Given records:
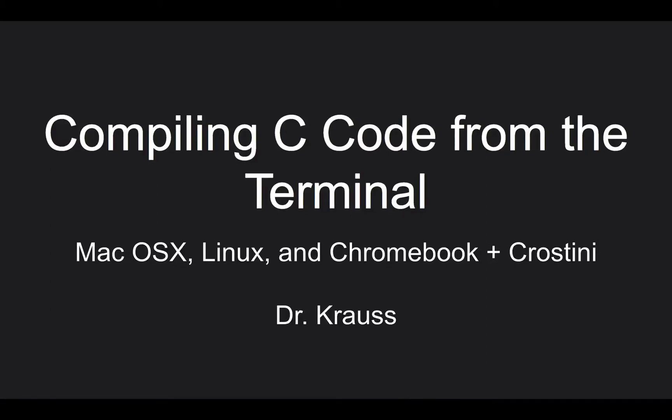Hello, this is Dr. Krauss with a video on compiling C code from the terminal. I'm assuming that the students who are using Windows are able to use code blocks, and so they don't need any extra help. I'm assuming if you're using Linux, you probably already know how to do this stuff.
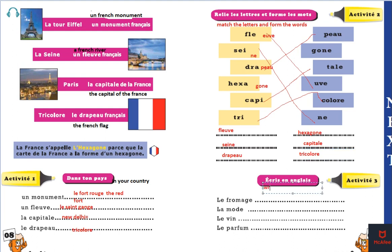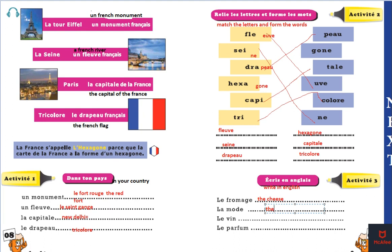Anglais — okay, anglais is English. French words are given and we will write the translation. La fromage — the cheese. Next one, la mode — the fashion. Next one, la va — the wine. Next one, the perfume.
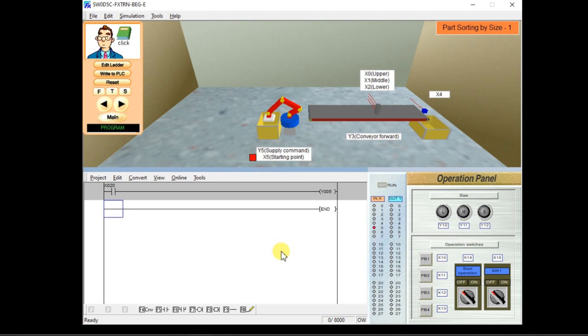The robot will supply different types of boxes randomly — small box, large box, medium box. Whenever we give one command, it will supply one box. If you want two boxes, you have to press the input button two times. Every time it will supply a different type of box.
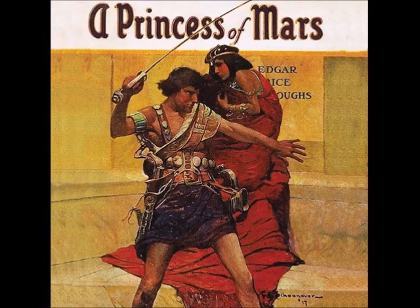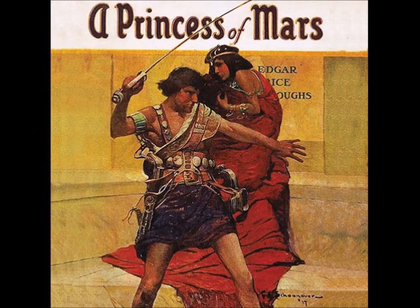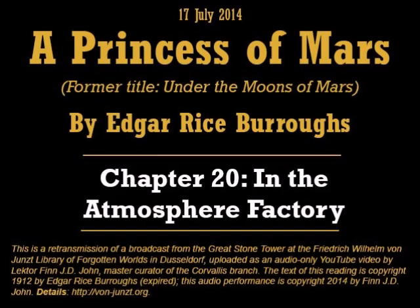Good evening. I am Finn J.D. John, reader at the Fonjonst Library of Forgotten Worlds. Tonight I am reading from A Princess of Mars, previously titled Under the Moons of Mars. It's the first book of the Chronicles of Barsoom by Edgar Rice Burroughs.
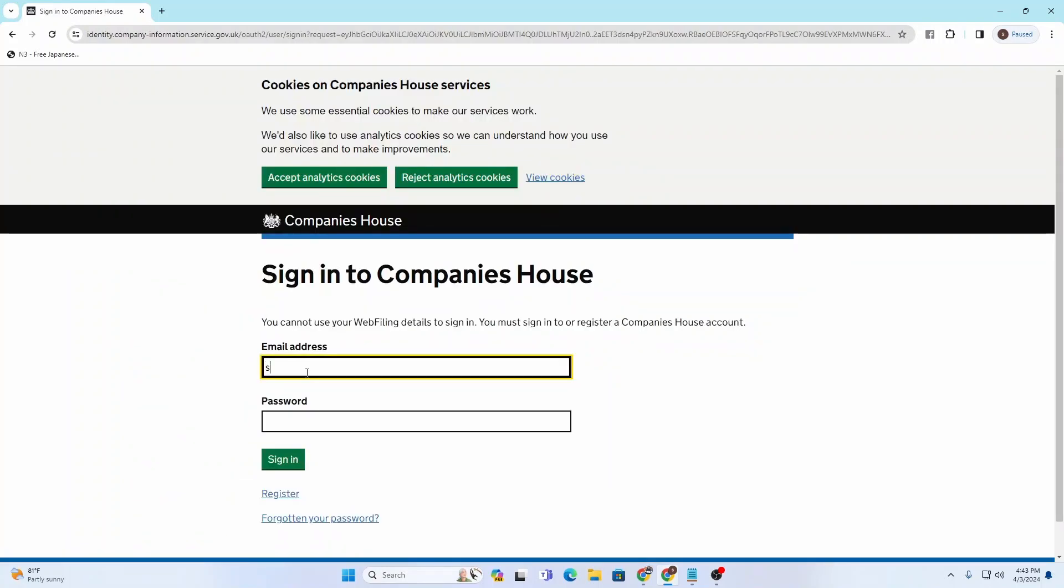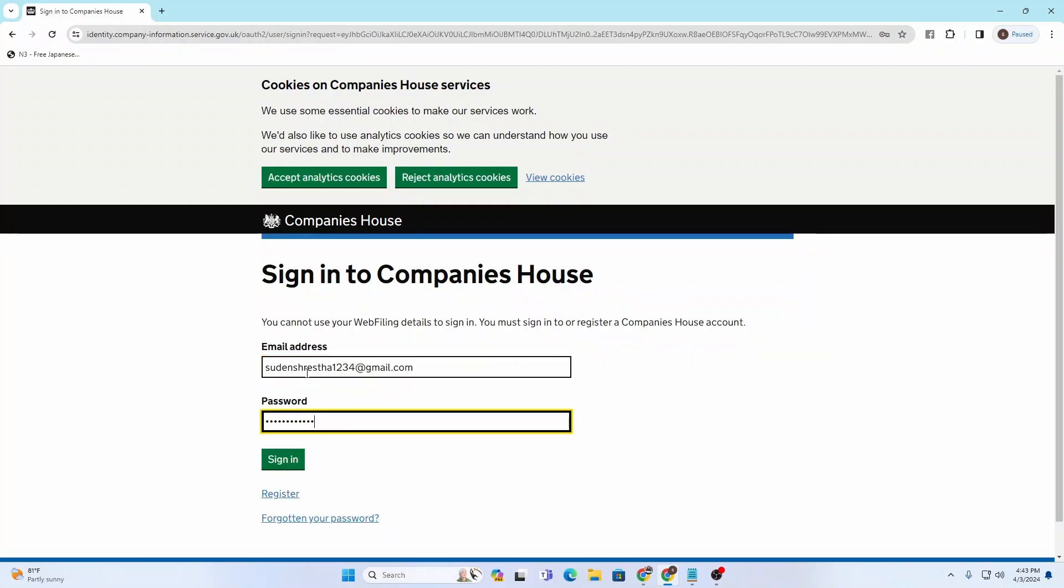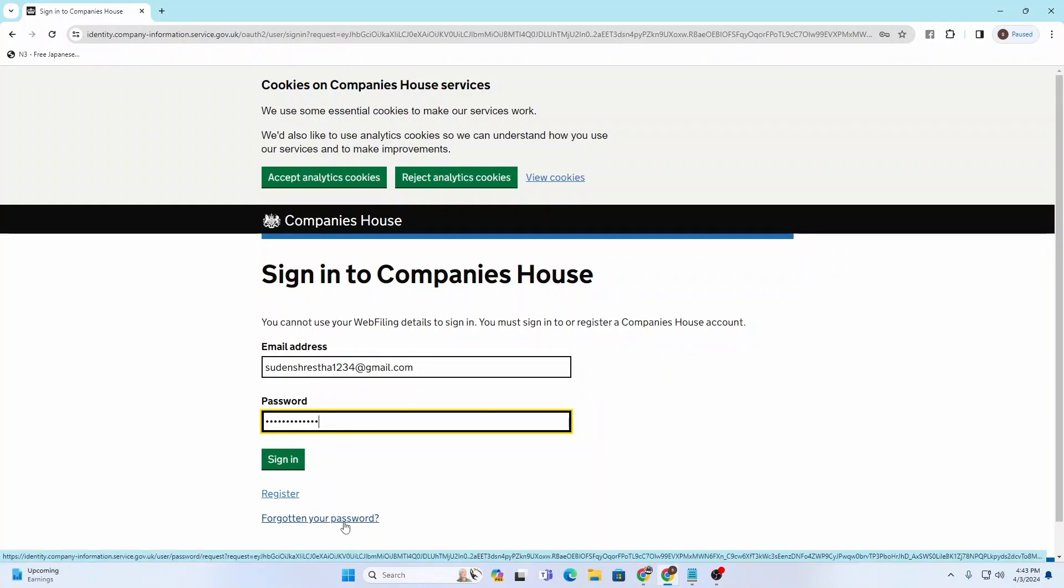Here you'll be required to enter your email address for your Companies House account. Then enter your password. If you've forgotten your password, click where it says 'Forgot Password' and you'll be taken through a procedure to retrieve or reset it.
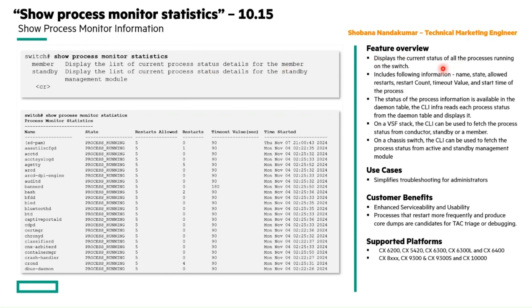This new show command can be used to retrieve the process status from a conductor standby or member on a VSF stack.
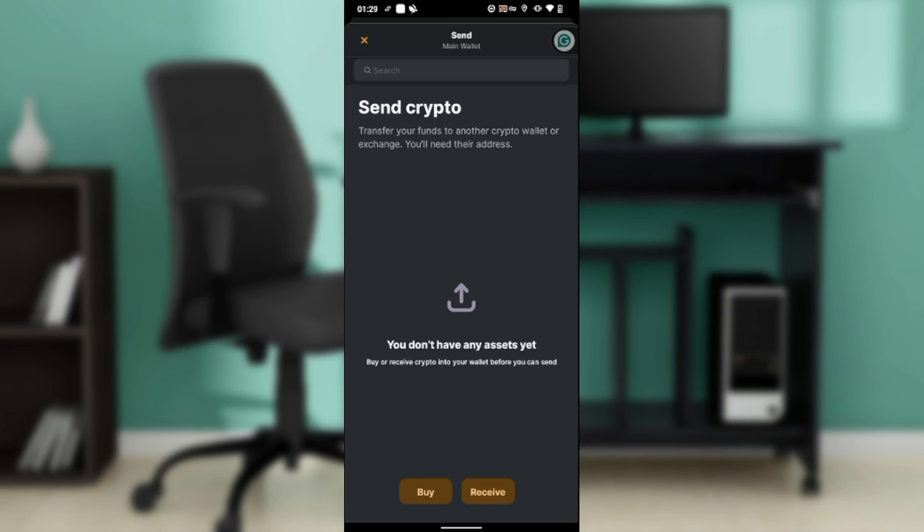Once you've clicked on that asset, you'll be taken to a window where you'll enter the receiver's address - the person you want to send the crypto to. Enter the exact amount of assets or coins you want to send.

What to work on: Could you retype every record above exactly, leaving the pictures out?

Task answer:
Hello, this is Dr. Krauss with a video on compiling C code from the terminal. I'm assuming that the students who are using Windows are able to use code blocks, and so they don't need any extra help. I'm assuming if you're using Linux, you probably already know how to do this stuff.
Anglais — okay, anglais is English. French words are given and we will write the translation. La fromage — the cheese. Next one, la mode — the fashion. Next one, la va — the wine. Next one, the perfume.
The robot will supply different types of boxes randomly — small box, large box, medium box. Whenever we give one command, it will supply one box. If you want two boxes, you have to press the input button two times. Every time it will supply a different type of box.
Good evening. I am Finn J.D. John, reader at the Fonjonst Library of Forgotten Worlds. Tonight I am reading from A Princess of Mars, previously titled Under the Moons of Mars. It's the first book of the Chronicles of Barsoom by Edgar Rice Burroughs.
Here you'll be required to enter your email address for your Companies House account. Then enter your password. If you've forgotten your password, click where it says 'Forgot Password' and you'll be taken through a procedure to retrieve or reset it.
This new show command can be used to retrieve the process status from a conductor standby or member on a VSF stack.
Once you've clicked on that asset, you'll be taken to a window where you'll enter the receiver's address - the person you want to send the crypto to. Enter the exact amount of assets or coins you want to send.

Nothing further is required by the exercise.